La lutte contre la corruption au centre des discussions des experts des gouvernements et des Nations Unies au Brésil

05 nov. 2012

Brasilia - Le Programme des Nations Unies pour le développement (PNUD) organise un sommet qui réunit dans la capitale du Brésil 90 experts de la lutte contre la corruption de 50 pays différents. Pendant deux jours, les participants analyseront les tendances et les défis actuels à l’échelle de la planète, et partageront leurs meilleures pratiques pour prévenir et combattre la corruption tout en renforçant la transparence et la responsabilité.

« La corruption touche les pauvres de manière disproportionnée et constitue l’un des principaux obstacles à la réalisation des objectifs du Millénaire pour le développement (OMD), » indique Magdy Martinez-Soliman, directeur adjoint du Bureau du PNUD pour les politiques de développement.  « Elle détourne les ressources et entrave l’accès des populations à des services essentiels tels que les soins de santé, l’éducation, l’eau et l’assainissement. »

D’après une étude du PNUD, le coût de la corruption dans les pays en développement représente dix fois le montant de l’aide publique au développement.
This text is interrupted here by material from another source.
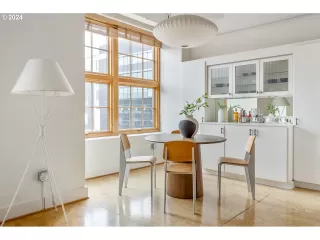 Photo #5: 24456467 Listing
On évalue sa part annuelle à plus de cinq pour cent du PIB mondial, soit près de 2 600 milliards de dollars.

Les participants au sommet ont mis en relief l’importance de mettre en place des alliances solides entre les agences publiques de lutte contre la corruption et les organisations de la société civile, en vue de combattre ce fléau et d’assurer une surveillance dans ce domaine.

« Le contrôle exercé par les citoyens et leur participation active jouent un rôle majeur dans la prévention et la lutte contre la corruption », souligne le ministre brésilien Jorge Hage, chef du Bureau du Contrôleur Général de l’Union, qui héberge un Portail de la transparence.
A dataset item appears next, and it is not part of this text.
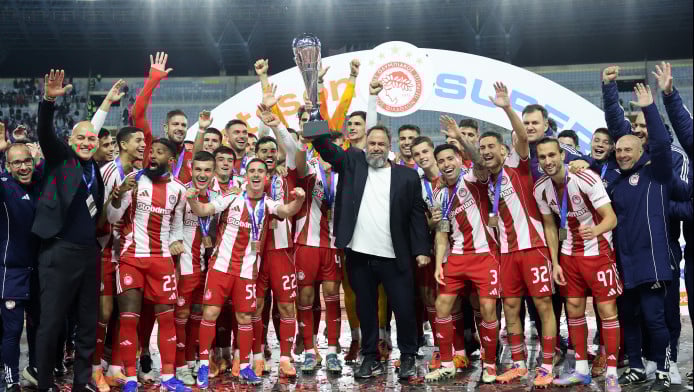 Μαρινάκης: "Χρυσό τρεμπλ των 100 χρόνων θρυλικής ιστορίας"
Ce portail Web national, ouvert depuis huit ans, permet aux citoyens, aux organisations de la société civile et aux journalistes de surveiller les dépenses publiques. Le Bureau du Contrôleur général de l’Union a également contribué à assurer davantage de transparence dans les dépenses publiques pour la Coupe du monde 2014 et les Jeux olympiques de 2016, deux événements majeurs qui auront lieu au Brésil.

Les participants ont souligné le rôle central des technologies pour renforcer la transparence et la responsabilité, insistant sur le rôle des médias sociaux, instrument incontournable de la participation des citoyens.
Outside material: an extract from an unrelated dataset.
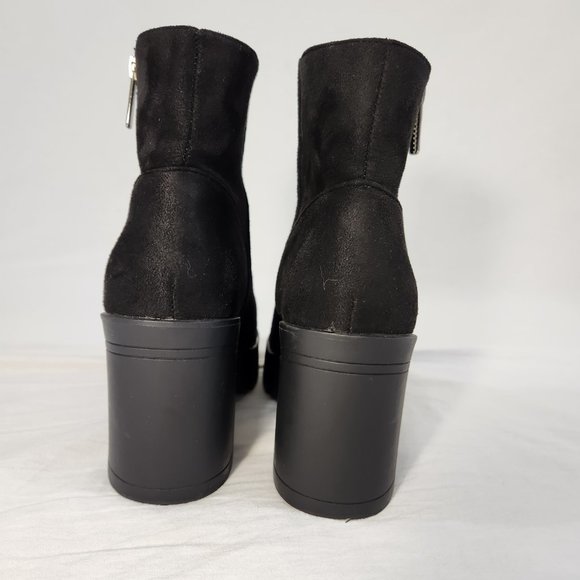 FRENCH CONNECTION Black Jasmine Lug Sole Vegan Side Zip Booties Size 8 LIKE NEW! - Picture 3 of 16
« Le recours aux technologies dans les processus de passation de marchés, par exemple, a eu une incidence positive en matière de transparence et de prévention de la corruption, précise Huguette Labelle, Présidente de Transparency International. Un autre grand avantage est qu'elles favorisent l’autonomisation des personnes. »

Ce sommet, organisé par le PNUD, précède la Conférence internationale anti-corruption de Transparency International, la plus importante conférence mondiale dans ce domaine, qui se déroulera également à Brasilia, du 7 au 10

Les sommets internationaux sur la lutte contre la corruption qui se tiennent au Brésil cette semaine ont pour objectif de proposer des mesures permettant aux États, au secteur privé et aux organisations de la société civile de renforcer l’application de la Convention des Nations Unies contre la corruption, entrée en vigueur il y a sept ans. En juillet 2012, 161 pays avaient ratifié cet instrument international, en vertu duquel les États s’engagent à prendre des mesures pour lutter contre les pratiques de corruption dans les secteurs public et privé, renforcer la transparence et la responsabilité, et accroître la participation de la société civile dans le contrôle des dépenses publiques.